The relationship we have with ourselves, is one that we should nurture, cherish and pay attention to; after all, it is the longest relationship we’ll ever have, and we are not able to truly appreciate who we are unless we know who we are.
Here I’d like to explain how you can learn to enjoy your own company and fall in love with the real you, which will enable you to:
- develop a stronger connection with your authentic self
- find out more about who you are
- learn to enjoy your own company
- give yourself more love so that you can flourish
You Must Spend Time Alone
Getting to know ourselves involves spending time alone, which is something that scares many people.
We are often so preoccupied with our family, friends and responsibilities that we don’t get much time alone, and as a result, many people feel awkward when they are on their own because they don’t quite understand who they are alone with.
If we take time out to get to know ourselves, it’s possible to gain a true understanding of who we are and we can then learn to love who we are. But when we are always surrounded by the presence of others, it can be really difficult to tap into our higher self.
When we are on our own, it helps us understand what’s going on on the inside; because too often we concentrate on the outside of our lives.
Get In Touch With The Authentic Self
We are able to connect with ourselves best when we are in a state of presence.

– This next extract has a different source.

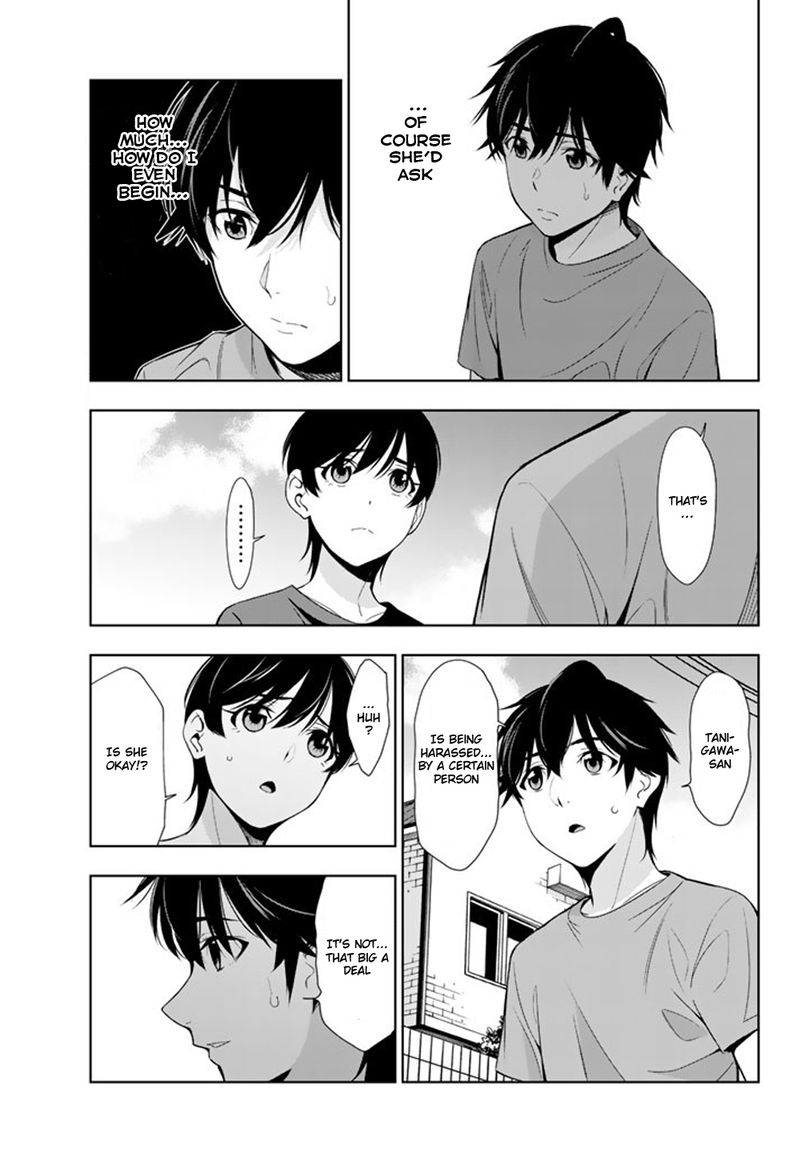 Kimi Ga Shinu Natsu Ni Chapter 25 Page 16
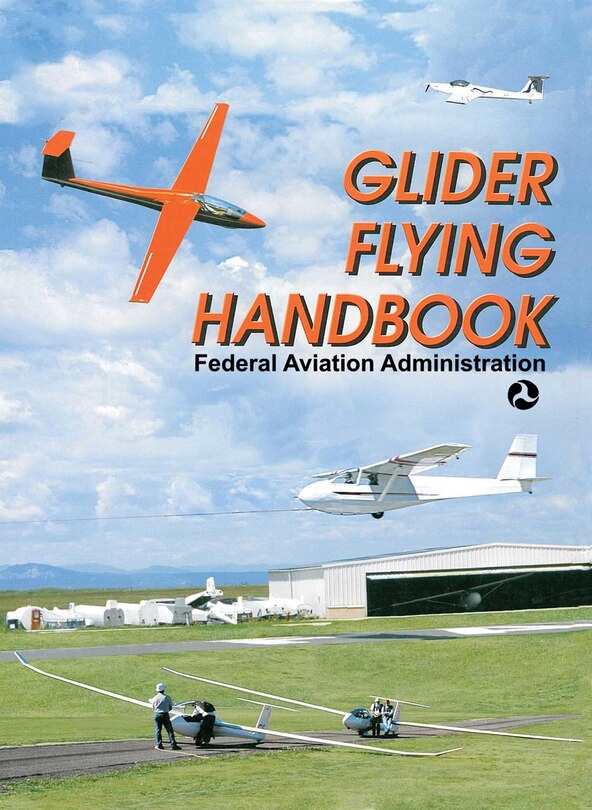 Front cover_Glider Flying Handbook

Being present means paying attention to the moment, rather than our thoughts. When we’ve constantly got thoughts running through our mind, it is impossible to delve into the authentic self because we are so locked in thinking about things that are irrelevant to what’s happening now.
There are a number of ways to create present moment awareness, some noted here, but I find the most helpful method is focusing on my surroundings. When I want to be present, I take moments to look around wherever I am, most often when I am in the garden amongst nature, and I really take it in.
If we are present and listening, it’s quite possible we’ll hear what the soul has to say because there is no distraction by thought.
Journaling is another good way to find out more about ourselves; you don’t have to be a writer or interested in a certain topic to be able to journal – you just need to put pen to paper and lose yourself in words. Don’t think too much into it and don’t think about what you’re going to write first, be present in the moment when the writing starts and see where it goes.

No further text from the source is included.